Yeah, why didn't I think of that? That makes way more sense than my theory. He's probably been there, done that, had his dreams crushed by the reality of compliance cost, and the experience stripped him of everything but bitterness. If that's the case then I totally understand his grudge against PLCs.
 

Austin Clark

Joined Dec 28, 2011
412
I came into this also thinking that PLCs didn't make much sense over MCU's. However, I've changed my mind. This is my understanding why.
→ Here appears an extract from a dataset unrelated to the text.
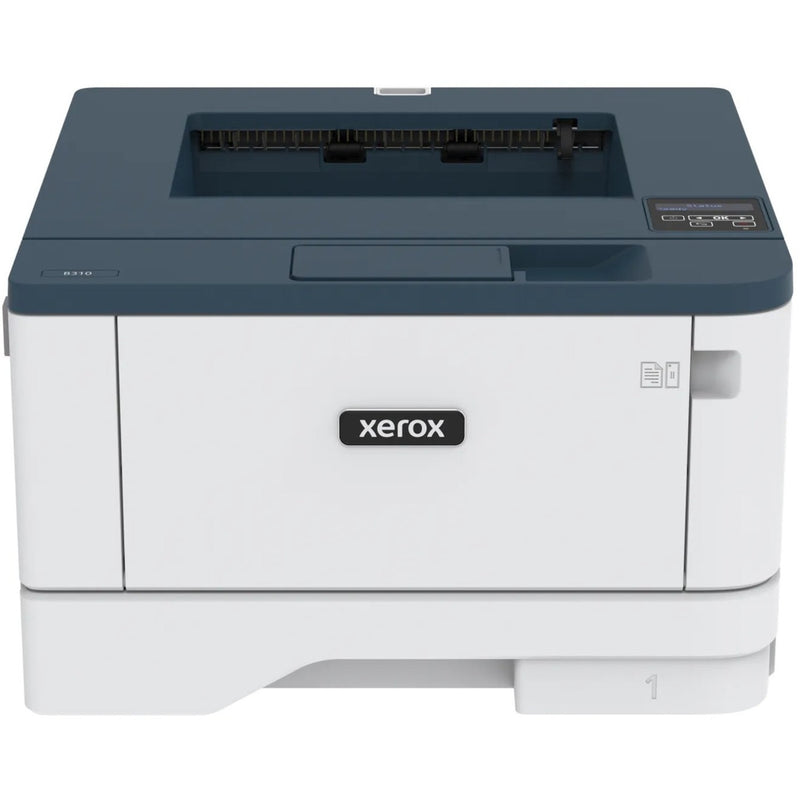 Front view of the Xerox B310/DNI monochrome laser printer in white and gray, showing the output tray and control panel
People use PLCs over MCUs the same reason people will use an Arduino and shields over a bare ATMEL MCU and peripherals. The Arduino development platform is more convenient, flexible, and allows rapid development. They may cost more, but it's worth it in the right setting. You COULD use the bare MCU, and integrate only what you needed for your application, and save money. However, it's still not worth doing if time is highly valuable, like it is in industry.

Also, although I've never programmed a PLC, I'm under the impression that PLC software allows multiple engineers to create time-sensitive programs without "stepping on each others shoes". It might be more restrictive overall, but it's not really a problem, and yet it satisfies a must-have requirement. That is, the requirement to be super easy to develop on, to get stuff done ASAP.

If you tried designing a box that had all the benefits of a PLC, but with a MCU, you'd end up exactly where the other PLC manufacturers are. A MCU with an "expensive box around it". A PLC.

Are PLCs elegant? Perhaps not, but they conform to the needs of the real world. Not the other way around.

I found a good explanation on wikipedia: https://en.wikipedia.org/wiki/Programmable_logic_controller#PLC_compared_with_other_control_systems

Specifically, this section:
"PLCs are well adapted to a range of automation tasks. These are typically industrial processes in manufacturing where the cost of developing and maintaining the automation system is high relative to the total cost of the automation, and where changes to the system would be expected during its operational life. PLCs contain input and output devices compatible with industrial pilot devices and controls; little electrical design is required, and the design problem centers on expressing the desired sequence of operations. PLC applications are typically highly customized systems, so the cost of a packaged PLC is low compared to the cost of a specific custom-built controller design. On the other hand, in the case of mass-produced goods, customized control systems are economical. This is due to the lower cost of the components, which can be optimally chosen instead of a "generic" solution, and where the non-recurring engineering charges are spread over thousands or millions of units."

and

"A microcontroller-based design would be appropriate where hundreds or thousands of units will be produced and so the development cost (design of power supplies, input/output hardware, and necessary testing and certification) can be spread over many sales, and where the end-user would not need to alter the control. Automotive applications are an example; millions of units are built each year, and very few end-users alter the programming of these controllers. However, some specialty vehicles such as transit buses economically use PLCs instead of custom-designed controls, because the volumes are low and the development cost would be uneconomical."